Bei Reiner Kunze liegen die Dinge etwas anders. Wer so wie er durch die Mühlen von SED und Stasi gegangen ist, weiß, dass er im sinnlich Erfahrbaren, in den „Dingen“ und Menschen die Poesie entdecken muss, nicht in den Begriffen auf -ung, -heit und -keit, ja, dass zuweilen der Reim und Enjambement verdächtig sind und so die sprachliche fassbare Welt nicht in sinnlich erfahrbare Verse bringen können.
Diktatoren (auch Trump, Putin, Xi) dulden nichts, keinen Widerspruch, kein Gedicht. Sie sind sich selbst Maß und Welt.
Was Dichter leisten können, sagt Kunze trotz seines hochmütigen Verses, indem er den Ort angibt, welcher dem Dichter gehört, wo er hineinhört, nämlich „in ihrem winzigen reich dem freien vers“. In Kleinschreibung und so die Freiheit verteidigend. Denn der freie Vers macht das Gedicht, das bleibt.

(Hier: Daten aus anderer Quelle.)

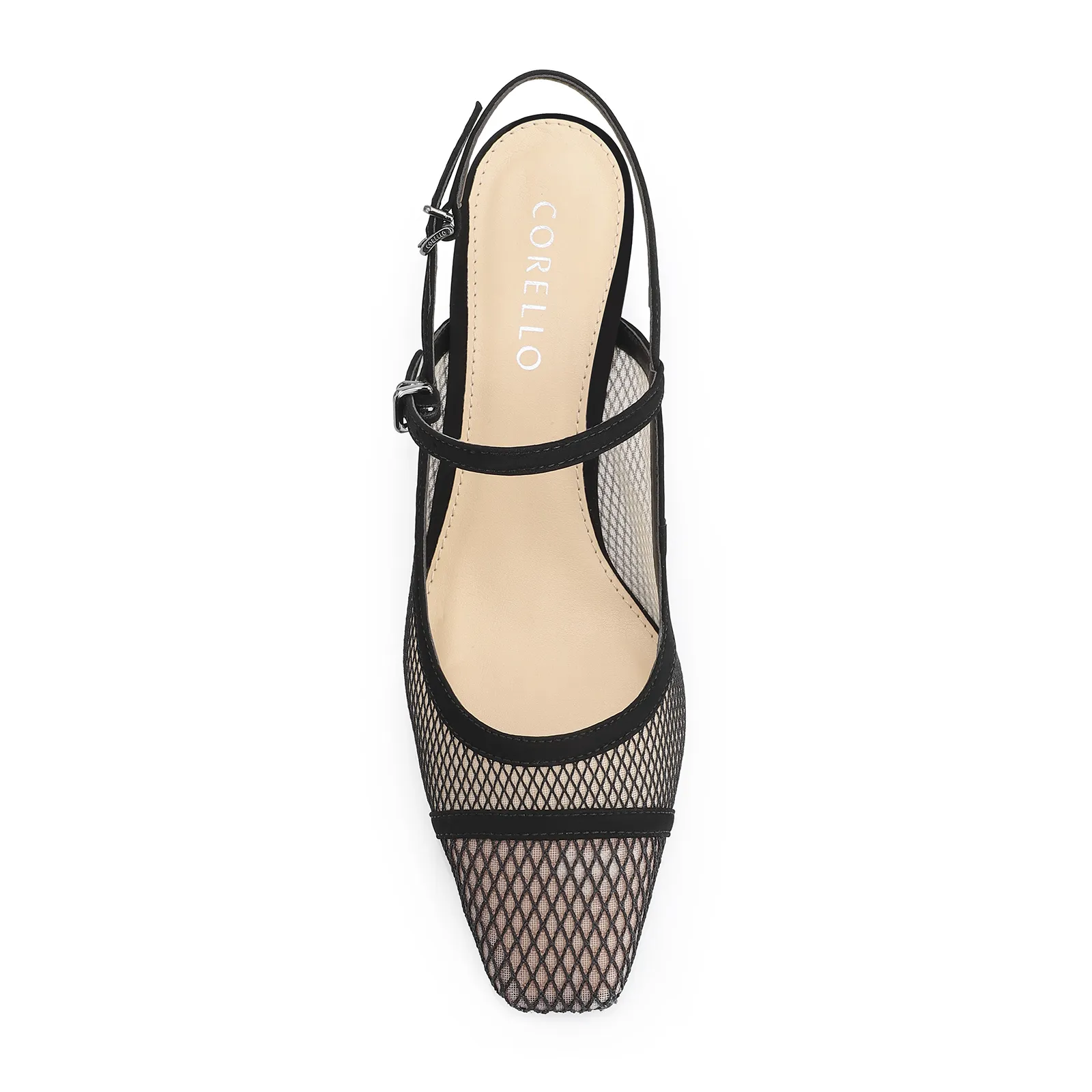 Scarpin Tela Preta/Nobuck Preto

Ich habe in meinem Bücherschrank das originale „Buch der Bilder” mit einer bemerkenswerten Widmung von Rilke, nämlich an Elly Ney (1882-1968), wo steht:
„Elly Ney
page12
dankbar und freundschaftlich
R.M.
Rilke 1916“
Und was steht auf Seite 12? Im Gedicht „Von den Mädchen“ heißt es in der dritten Strophe
„Aus ihrem Leben geht jede Türe
in einen Dichter
und in die Welt“
Rilke hat diese drei Zeilen angestrichen und „Elly Ney“ hingeschrieben und im Text verbessert „Aus Ihrem Leben…“ sowie drei Punkte hinter „und in die Welt...“ angefügt. Elly Ney war eine Klavierspielerin von Rang, aber tief mit dem NS-Staat verbunden. Das war 1916 so noch nicht möglich.

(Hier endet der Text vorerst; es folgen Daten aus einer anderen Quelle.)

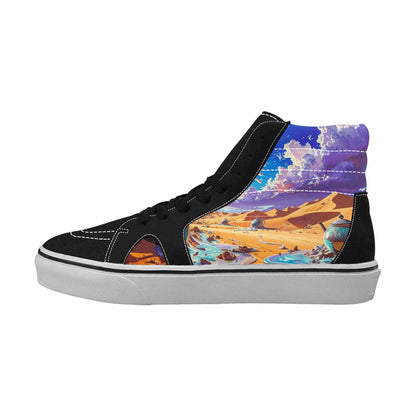 MEN'S Surrealist Desert Dreamscape High Top Canvas Wallpaper Art Custom Shoes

Rilke spielt mit ihr durch die Widmung, denn das Gedicht endet mit dem Vers „Keine darf sich je dem Dichter schenken“.
So was finde ich eher zuckrig und selbstinszenierend denn anziehend: Wenn schon keine Fürstin, dann eben eine Pianistin – , die er von sich weisen und ihr mit seinem Dichtertum die Grenzen zeigen kann.
Der Dichter als Hoher Priester. Da liegt die Verwandlung zum Diktator, der im Gewand des Sprechers über die Welten und Meere geht, nahe.